Вернувшись в свой «капиталь», как прозвал Суворов город Люблин, он получил от Веймарна приказ снова итти к Кракову, где теперь расположились гласные силы конфедератов. Имея под начальством свыше полутора тысяч человек, он с обычной быстротой совершил марш и застал Дюмурье врасплох. Однако реализовать выгоды внезапности ему помешала новая, хотя и столь же незначительная неудача. Вблизи от Кракова, около деревни Тынец, находился сильно укрепленный редут, занятый отрядом конфедерата Валевского. Суворов решил взять редут с налету. Это было выполнено, но пехота конфедератов отбила редут и после упорной борьбы удержала за собой. Потеряв около двухсот человек, а главное, несколько часов драгоценного времени, Суворов прекратил штурм и двинулся к соседней деревне Ланцкороне, уже являвшейся незадолго перед этим ареной военных столкновений. Тут произошел известный бой, могущий почитаться классическим примером смелости и мастерства в учете психологии противника.

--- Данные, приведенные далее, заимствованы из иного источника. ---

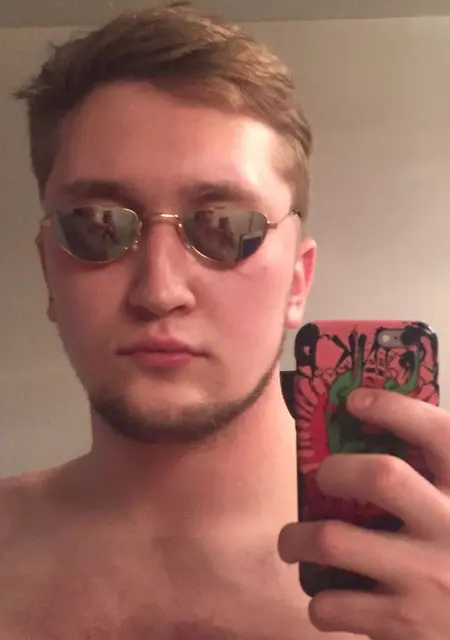 Jony из Ангарска, мне 28, познакомлюсь на одну ночь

В распоряжении Суворова было в это время уже три с половиной тысячи человек; поляков было приблизительно столько же. Дюмурье занимал чрезвычайно сильную позицию. Левый фланг его упирался в Ланцкоронский замок; центр и правый фланг, недоступные по крутизне склонов, были прикрыты рощами. Бой завязался на левом русском фланге, но в то же время Суворов, не дожидаясь, пока подтянется весь его отряд, двинул несколько сотен казаков на центр неприятельского расположения. Уверенный в неприступности своей позиции, Дюмурье приказал подпустить поближе «шедшую на верную гибель» конницу и открыть огонь, только когда она взберется на вершину гребня. Но казаки, поднявшись на высоты, развернулись в лаву и с такой энергией ударили в пики, что польская пехота смешалась и бросилась в бегство. Пытавшийся остановить беглецов Сапега был убит обезумевшими от страха людьми. Все усилия Дюмурье восстановить порядок остались тщетными. Бой был окончен за полчаса. Поляки потеряли 500 человек, остальные рассеялись по окрестностям; только французский эскадрон и отряд Валевского отступили в порядке.
После этой битвы отношения Дюмурье с конфедератами, и без того не отличавшиеся сердечностью, в конец испортились, и он через несколько недель уехал во Францию. «Мурье, управясь делом и не дождавшись еще карьерной атаки, откланялся по-французскому и сделал антрешат в Белу, оттуда на границу», — не без ехидства донес об этом Суворов.
Впоследствии в своих мемуарах Дюмурье пространно критиковал приказ Суворова атаковать конницей сильную позицию. Он считал подобные действия противоречащими всем тактическим правилам и об’яснял успех Суворова игрой случая. Посредственность пыталась критиковать гений! Дюмурье невдомек было, что Суворов проявил в этом бою высокое искусство. Он точно оценил обстоятельства, понял нравственную слабость противника, интуитивно нашел верное средство для его поражения. Свой рискованный план он построил на впечатлительности поляков, на внезапности удара и на стремительности его. В данном случае это было гораздо эффективнее, чем методический нажим на польские позиции. Это было, действительно, очень простое решение вопроса, но то была простота гения. «На войне все просто, — выразился однажды Клаузевиц, — но зато самое простое и есть самое трудное».